# postfix oder dovecot



## Laubie (7. Mai 2010)

Huhu!
Welchen Vorteil bietet dovecot gegenüber postfix?

Grüße
Laubie


----------



## Kaimane (7. Mai 2010)

Verzeih mir den Ausdruck, aber das wäre als wenn du Äpfel mit Birnen vergleichst.
Dovecot ist der Posteingangsserver (Pop, Imap)
Postfix ist der Postausgangsserver (smtp) ...

Als Alternativen zu den o.g. Servern gibt es u.a. für


Dovecot -> Courier
Postfix -> Exim
Vllt informierst du dich ein wenig über die vier verschiedenen Server und wählst anhand deiner Anforderung den für dich passenden Posteingangs- bzw Postausgangsserver aus.

Viele Grüße!


----------



## Laubie (8. Mai 2010)

*g* da hab ich ja ne Super Frage in den Raum geschmissen *peinlich*

Ich hatte nur gesehen, dass in der neusten Version von ISP3 auch dovecot unterstützt wird. Daher meine Frage.

Mein Server läuft super mit der alten "Perfekt-Server-trallala"
Ich hatte halt nur die Frage, ob es, bei einer Neuinstallation Sinn macht, statt (jetzt) courier dovecot auszuwählen.

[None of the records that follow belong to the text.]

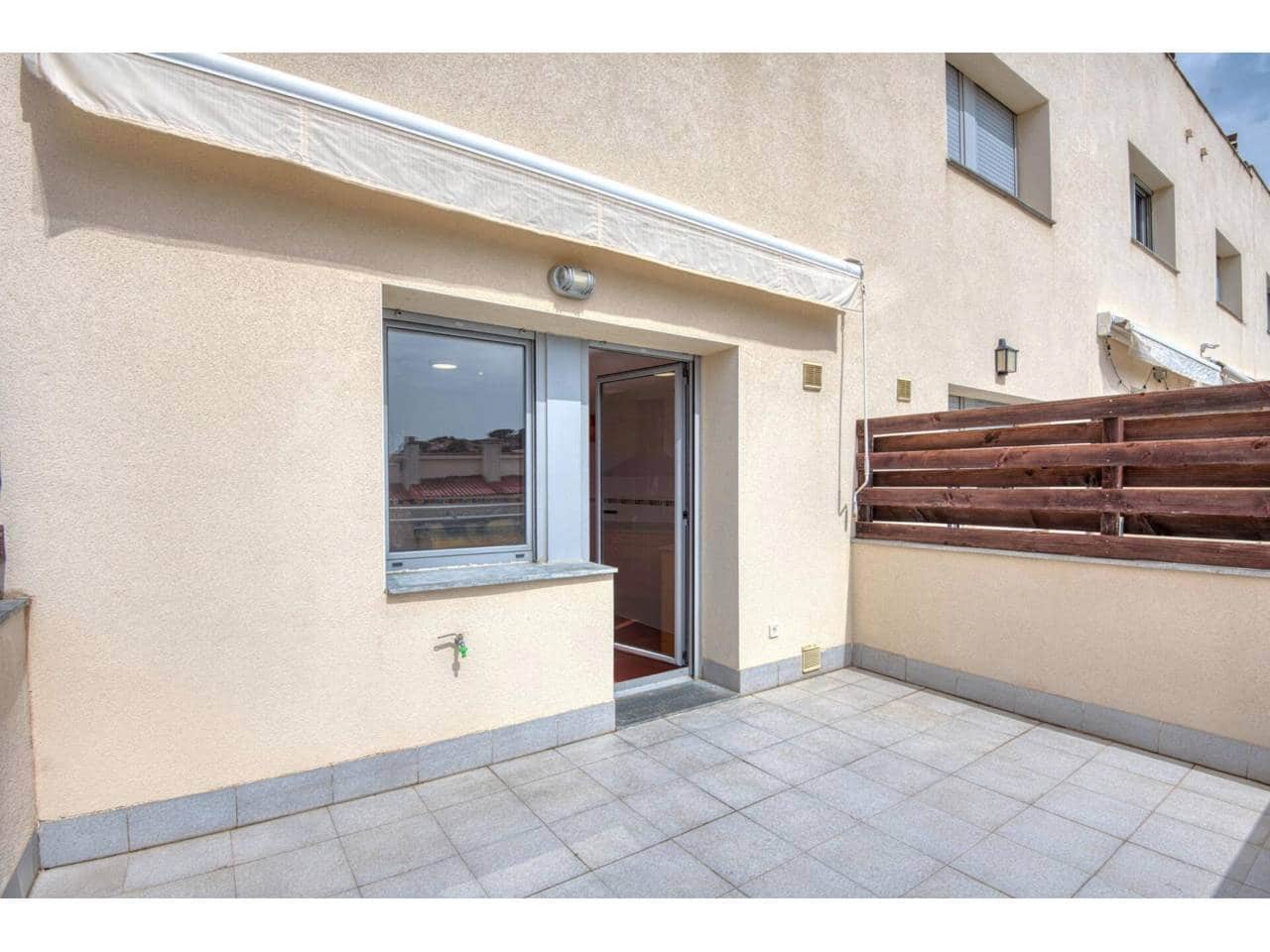 3 slaapkamer Halfvrijstaande villa te koop in Sant Feliu de Guixols met zwembad garage - € 368.000 (Ref: 9819807)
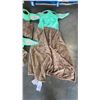Image 4 : 3 NEW STAR WARS BABY YODA PLUSH BLANKETS WITH HOOD
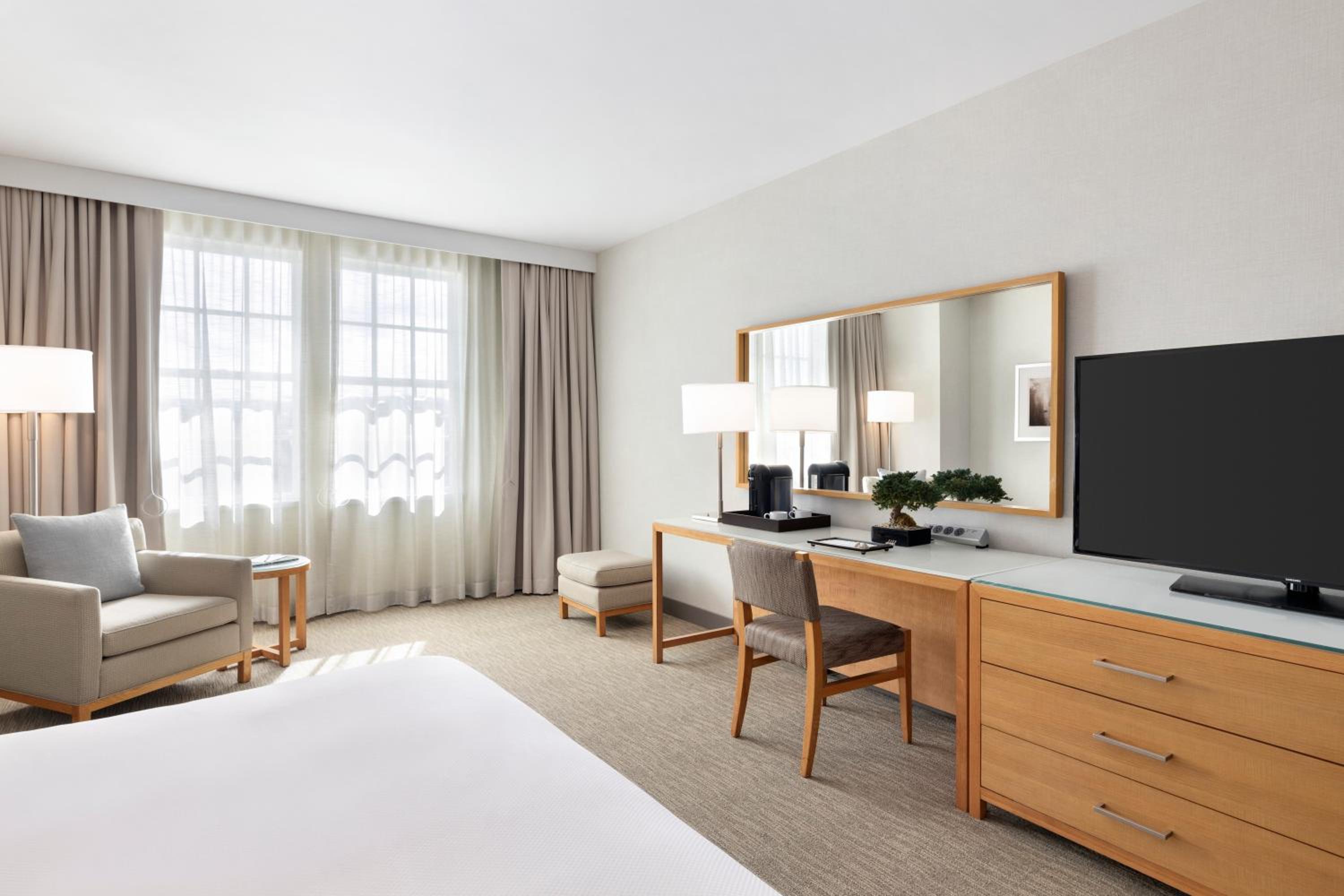 Classic King Room - Photo 4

Muss ja irgendwelche Vorteile haben...

Grüße
Laubie


----------



## planet_fox (8. Mai 2010)

@Laubie schau hier



> Dovecot ist eine weiterer IMAP und POP3 Server, dessen Hauptaugenmerk auf Sicherheit ausgelegt wurde. Dovecot ist eine vollfunktionale Alternative zu Courier-IMAP, die auch deutlich ressourcenfreundlicher ist.Es wird mbox als auch maildir unterstützt. Natürlich ist TLS/SSL auch kein Fremdwort für dovecot.

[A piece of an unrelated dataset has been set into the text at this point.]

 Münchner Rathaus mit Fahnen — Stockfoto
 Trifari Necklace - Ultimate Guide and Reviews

http://www.howtoforge.de/blogroll/perfekte-server%E2%80%93debian-lenny-debian-5-0-ispconfig-3-mit-dovecot-und-bind/


----------



## Laubie (8. Mai 2010)

cool!
Danke.

Grüße
Laubie


----------



## F4RR3LL (8. Mai 2010)

DU brauchst auch keine neuinstallation machen , du kannst auf einem laufenden System wechseln, hab ich auch gemacht. Irgendwo hier hat der Till auch geschrieben was zu beachten ist ...


----------



## Laubie (9. Mai 2010)

oh.
gut zu wissen.

Ich habe noch mailman laufen. Macht das probleme?

Grüße und schönen Sonntag
Laubie


----------



## Till (9. Mai 2010)

Es macht keinen Sinn auf einem gut laufenden Server von Courier zu Dovecot zu wechseln. Ich verwende z.B. auf meinen Servern grundsätzlich Courier und nicht Dovecot. Courier läuft schnell, habe auch keine Ressourcen Probleme und mit Mailboxen > 10GB hat er auch keine Probleme. Außerdem sind mit Dovecot z.B. keine Traffic Statistiken in ISPConfig möglich.


----------



## F4RR3LL (10. Mai 2010)

Till, keinen Sinn würde ich nu auch ned sagen, ich komme mit dovecot besser klar, mag es lieber und daher will ichs haben wenns geht. 
Die Stats sind mir da eher zweitrangig. 
Denke das ist so ne Sache des Glaubens wie bei KDE oder Gnome.... 

Gruß Sven

PS: Gnome rockt


----------



## Laubie (10. Mai 2010)

hmm... auf meinem letzten Lappi hatte ich Xubuntu... was mach ich jetzt? 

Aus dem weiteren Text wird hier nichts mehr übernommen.